Sheffield & South Yorkshire

Sheffield to host first UK Spice conference

Wrexham Spice users
Image caption Spice users can be left in a zombie-like state after taking the drug

The UK's first national conference aimed at tackling the use of so-called zombie drug Spice is set to take place later in Sheffield.

About 120 people, including health care professionals, police officers, and charity workers are due to attend.

In 2017 the drug led to 24 deaths and it has been called the "most severe public health issue in decades".

Det Ch Insp Paul Wilson said the aim was to share best practice and draw up new guidelines for helping users.

Spice, a former "legal high", is a type of synthetic cannabis that can have severe debilitating effects and leave those who take it in a zombie-like state.

Image copyright Getty Images
Image caption Spice is a laboratory-created cannabis substitute

The conference has been organised by South Yorkshire Police as part of its role in leading the National Problem Solving Team.

Mr Wilson said he believed it was the drug's "visibility factor" that had brought it to the public attention, with regular sightings of users slumped over on the streets.

He said: "That situation is being replayed up and down Britain in our towns and cities.

"So there's a huge appetite from professional agencies to come together to discuss that, share their experiences nationally and, through doing that, identify individual pockets of best practice and share that.

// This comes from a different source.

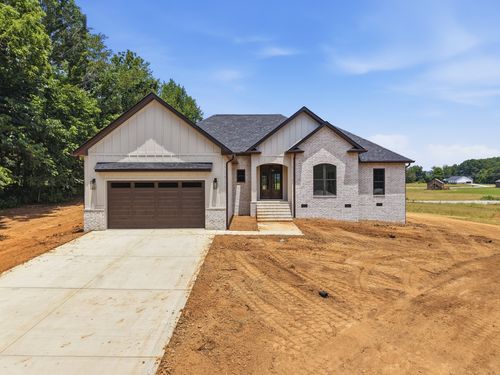 150 E Mccormick Rd, Livingston, TN, 38570-6175 | Card Image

"We hope to be able to provide some clarity and reassurance to agencies in terms of how best to work with people and to support them."

Stuart Green, from Aspire Drug and Alcohol Services, in Doncaster, is among those taking part in the conference.

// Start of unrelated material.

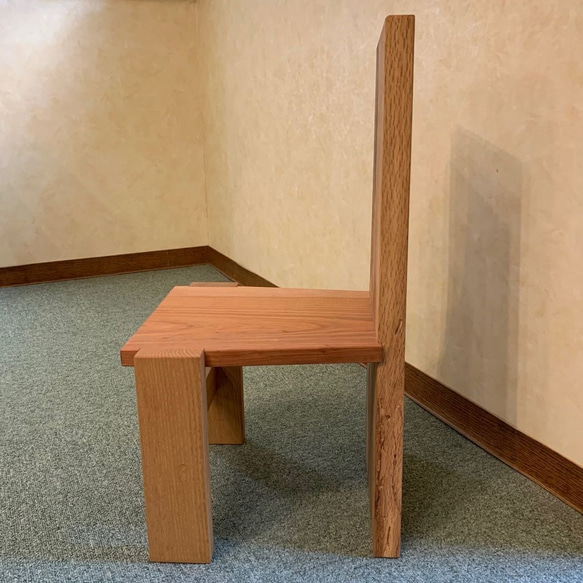 広葉樹の一枚板を使った森の木椅子（koisu) No.003 無垢椅子　子供椅子　飾り椅子　 3枚目の画像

He said: "I think we've got to take a different viewpoint about how we're treating addiction in society and now we've got the right people around the table to start looking at it and actually treat it as a health condition."

A Home Office spokesman said action had been taken by the government to combat the "devastating" impact of Spice and other synthetic cannabinoids, including classifying them as Class B drugs.

He said: "But we know there is more to do and our drug strategy brings together police, health, community and global partners to tackle the illicit drug trade and help those with a drug dependency to recover and turn their lives around."